PROBLEM TO WORK ON:
Exactly the lines from the beginning of the records to the line with "Excello Global Products", both ends included, are to be given again, and pictures are to be left out.

[Image-caption web data]
+++

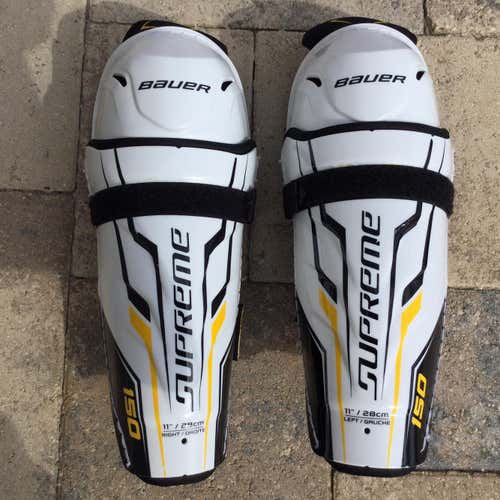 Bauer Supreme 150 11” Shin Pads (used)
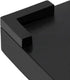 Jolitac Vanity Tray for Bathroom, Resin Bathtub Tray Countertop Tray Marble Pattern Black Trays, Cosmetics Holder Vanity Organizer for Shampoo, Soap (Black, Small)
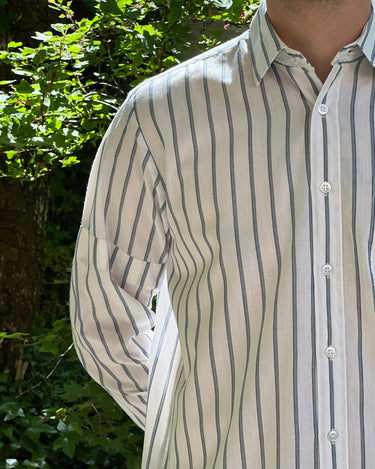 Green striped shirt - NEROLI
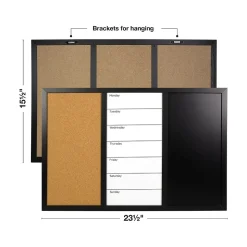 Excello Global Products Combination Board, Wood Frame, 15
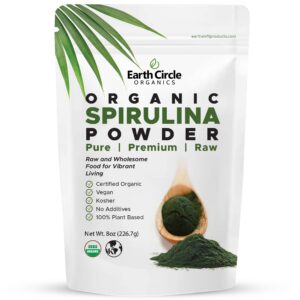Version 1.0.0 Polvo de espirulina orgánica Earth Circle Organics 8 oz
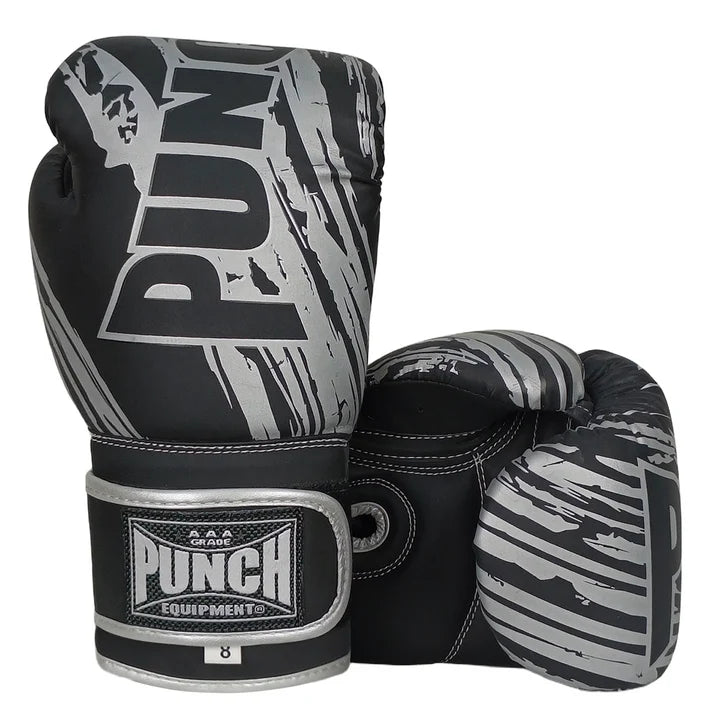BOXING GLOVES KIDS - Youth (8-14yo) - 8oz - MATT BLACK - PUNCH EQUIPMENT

+++

COMPLETED TASK:
 Bauer Supreme 150 11” Shin Pads (used)
 Jolitac Vanity Tray for Bathroom, Resin Bathtub Tray Countertop Tray Marble Pattern Black Trays, Cosmetics Holder Vanity Organizer for Shampoo, Soap (Black, Small)
 Green striped shirt - NEROLI
 Excello Global Products Combination Board, Wood Frame, 15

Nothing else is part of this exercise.